[Request for Distillation] Coherence of Distributed Decisions With Different Inputs Implies Conditioning

johnswentworth25 Apr 2022 17:01 UTC

LW: 22 AF: 11

Distillation & Pedagogy AI Coherence Arguments

There’s been a lot of response to the Call For Distillers, so I’m experimenting with a new post format. This post is relatively short and contains only a simple mathematical argument, with none of the examples, motivation, more examples, or context which would normally make such a post readable. My hope is that someone else will write a more understandable version.

Jacob is offering a $500 bounty on a distillation.
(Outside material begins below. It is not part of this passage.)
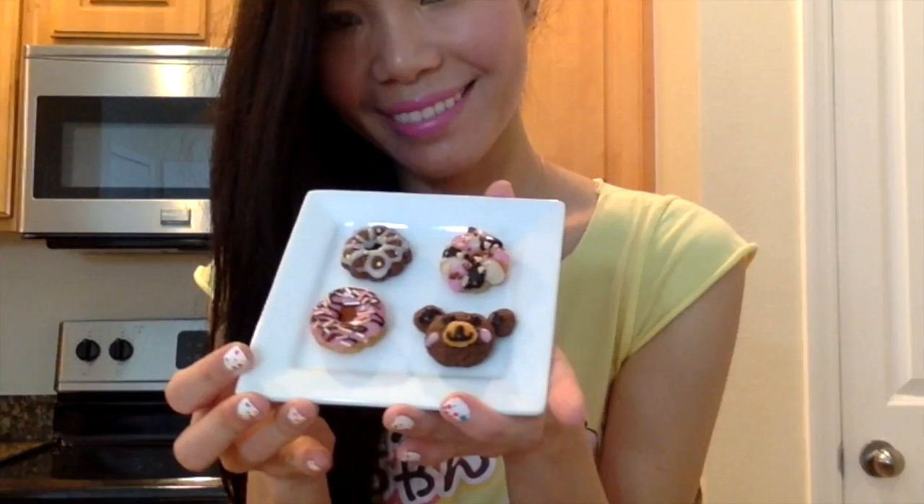Hey guys, I'm Mio and today I'm going to show you how to make miniature donuts that you can actually eat. I made them from a little kit from Japan from the Crazy Pop and Cook Kitchen series. They're really cute and really tiny, so I'm really excited to show you how to make these and share how they taste when you're done. So stay tuned and let's get started.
Goal: following the usual coherence argument setup, show that if multiple decisions are each made with different input information available, then each decision maximizes expected utility given its input information.
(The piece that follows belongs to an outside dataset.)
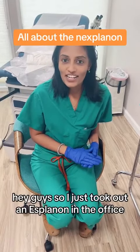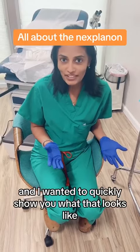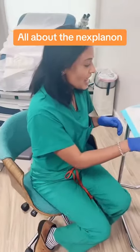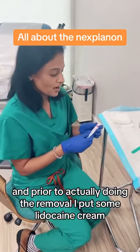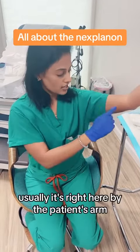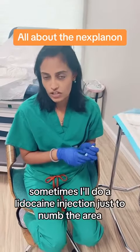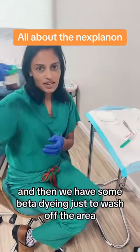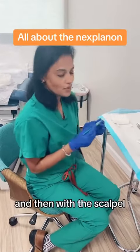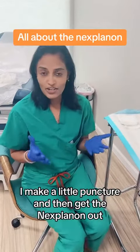Hey guys, so I just took out a Nexplanon in the office and I wanted to quickly show you what that looks like. All you need for a Nexplanon removal is a scalpel, and prior to actually doing the removal, I put some lidocaine cream. Usually it's right here by the patient's arm. Sometimes I'll do a lidocaine injection just to numb the area, and then we have some betadine just to wash off the area. Then with the scalpel, I make a little puncture and then get the Nexplanon out.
We’ll start with the usual coherence argument setup: a system makes a bunch of choices, aiming to be pareto-optimal across a bunch of goals (e.g. amounts of various resources) $u_{1} \dots u_{m}$ . Pareto optimality implies that, at the pareto-optimum, there exists some vector of positive reals $P_{1} \dots P_{m}$ such that the choices maximize $\sum_{i} P_{i} u_{i}$ . Note that $P$ can be freely multiplied by a constant, so without loss of generality we could either take $P$ to sum to $1$ (in which case we might think of $P$ as probabilities) or take $P_{1}$ to be $1$ where $u_{1}$ is amount of money (in which case $P$ is a marginal price vector).

When the goals are all “the same goal” across different “worlds” $X$ , and we normalize $P [X]$ to sum to $1$ , $P [X]$ is a probability distribution over worlds in the usual Bayesian sense. The system then maximizes (over its actions $A$ ) $\sum_{X} P [X] u (A, X) = E_{X} [u (A, X)]$ , i.e. it’s an “expected utility maximizer”.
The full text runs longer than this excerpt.